As a result of short preservation durations, transplantation is a race against the clock which results in high organ discard, emergency surgery, sub optimal donor-recipient matching, and prevents global organ sharing. In addition, only the highest quality organs can withstand the injury during preservation which limits the supply of donor organs. These preservation restrictions are no longer acceptable during the current donor organ shortage crisis as only 25,000 of the 730,000 patients receive a lifesaving organ each year.

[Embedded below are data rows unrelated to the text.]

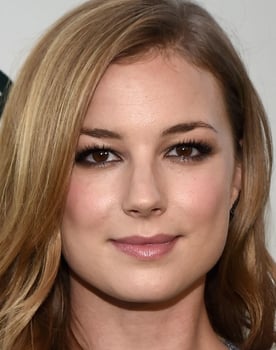 Emily VanCamp isactor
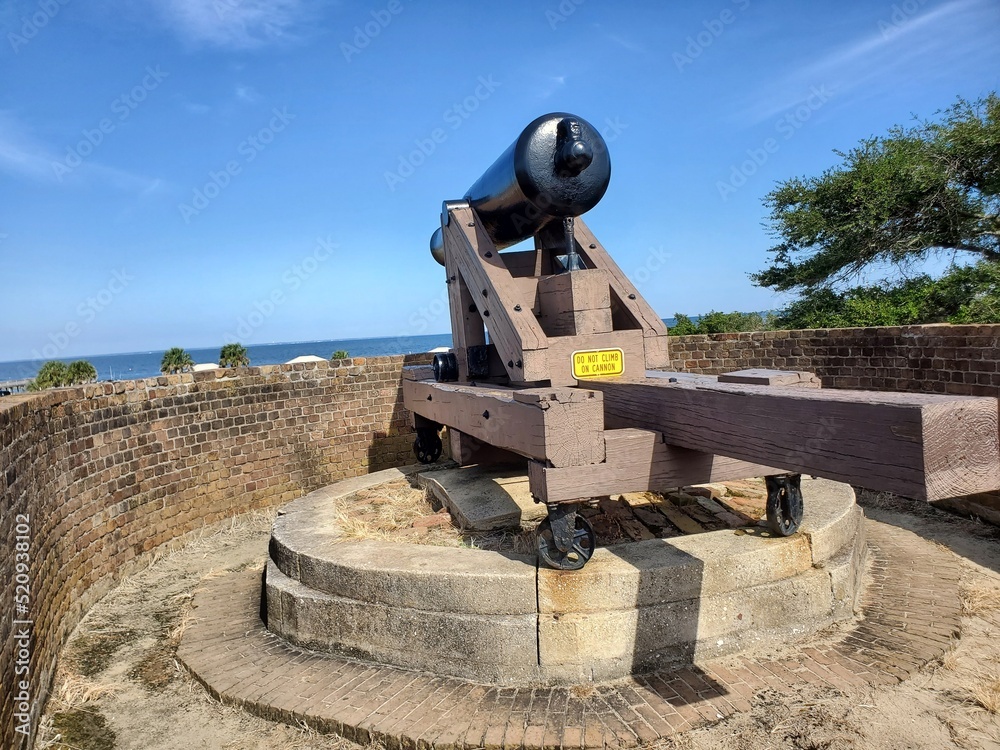 cannon in the fortress of saint malo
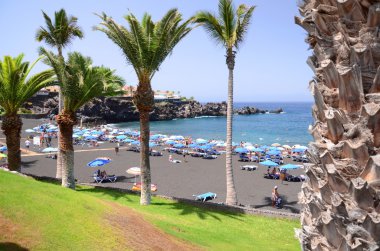 Pitoresk Playa de la Arena Beach'te Puerto de Santiago Tenerife, İspanya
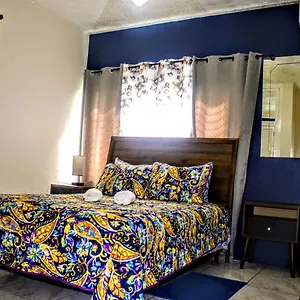  Apartment Crystoural Liguanea Sovereign - 2 Bedrooms, 3 Beds, Host 4 Guest- Kingston! Jamaica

By reducing the storage temperature below freezing, the biological clock of the organ can be further slowed down and the preservation duration extended from hours to days. Not surprisingly, subzero preservation of organs has been an elusive goal for decades, primarily complicated by the fact that ice formation is extremely injurious to organs. Interestingly, water can be kept completely liquid below the freezing point with supercooling. Our group previously adapted supercooling to completely avoid freezing injury during subzero organ preservation. By supercooling rat livers to minus 6°C – as compared to the clinical standard of plus 4°C – our group was able to triple the preservation duration. An unprecedented result at the time. (Nature Medicine. DOI: https://doi.org/10.1038/nm.3588)

Despites this success in rat livers, the likelihood of ice formation during supercooling increases with volume which made experts in the field – including us – question if this technique would ever be applicable to human livers which are 200 times larger in size. In addition, for successful supercooling preservation, livers must be homogeneously preconditioned with agents that protect it from the cold which is much harder to achieve in large sized organs.

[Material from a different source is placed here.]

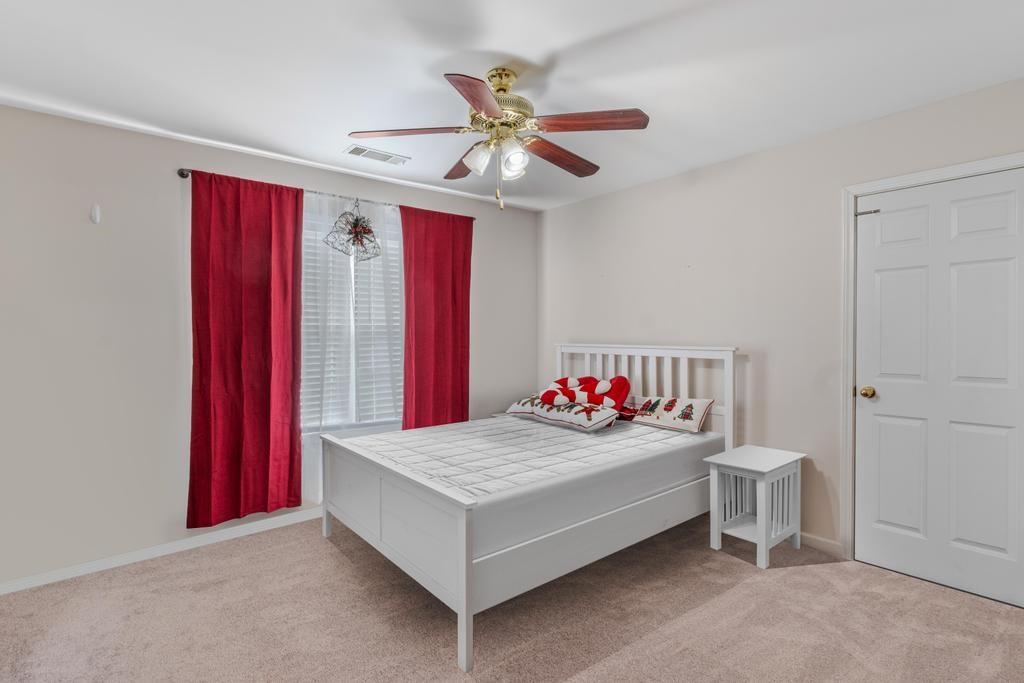 587 S New Salem Road, Griffin, Georgia image 32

We took up the translational challenge, scaled up our supercooling protocol and gave it a try. As we were afraid of, the first supercooled human livers completely froze which destroyed their viability. Therefore, we focused on methods to stabilize the supercooled state of large volumes to prevent ice formation during storage. In a series of experiments, we combined bioengineering and cryopreservation approaches to develop a preservative cocktail that counters ice formation during supercooled storage and showed this solution was not toxic to liver cells in culture.

Figure 1
Human liver is preconditioned with protective agents before supercooling

To homogeneously precondition human livers with the cocktail, we adapted machine perfusion technology. Machine perfusion is a technique that provides an artificial blood supply for the organ while it is outside the body. Replacing the artificial blood with our preservative cocktail enabled homogenously precondition of the large organs. At the same time, our group discovered the importance of eliminating air-water interfaces to stabilize the supercooled state (Nature Communications. DOI: https://doi.org/10.1038/s41467-018-05636-0). Together this technical tour de force resulted in successful supercooling of the human liver at minus 4°C without any ice formation.

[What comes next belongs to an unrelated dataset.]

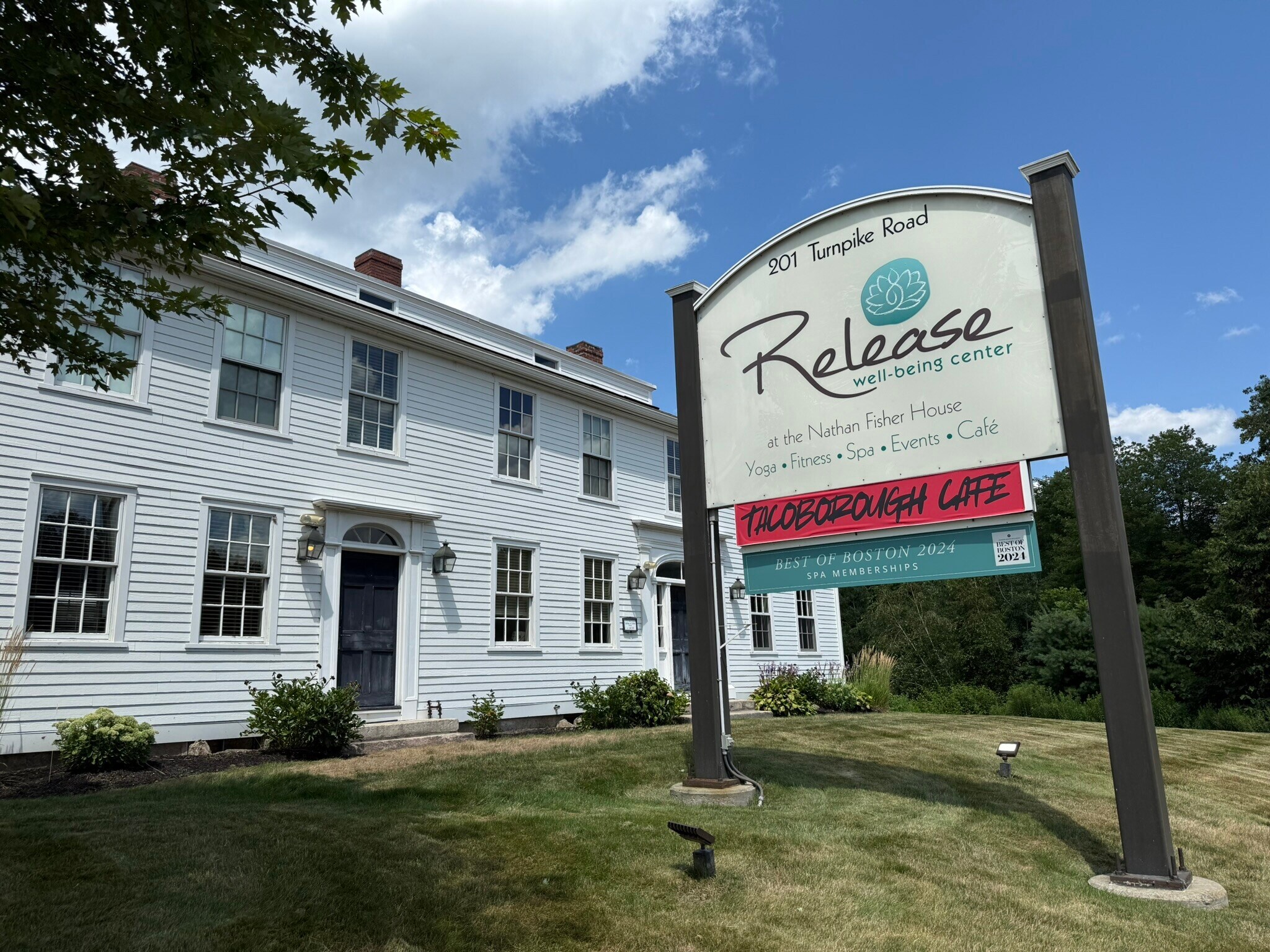 201-203 Turnpike rd, Westborough, MA for Sale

While hypothermic preservation is typically urged to be kept under 9 hours, we preserved human livers for 27 hours with our new supercooling protocol. We showed that the livers retained their viability despite this substantial increased preservation duration (Nature Biotechnology. DOI: https://doi.org/10.1038/s41587-019-0223-y). To our knowledge, we showed for the first time the feasibility of subzero human organ preservation. We believe that the use of human livers makes this study clinically relevant and promotes the translation of sub-zero organ preservation to the clinic.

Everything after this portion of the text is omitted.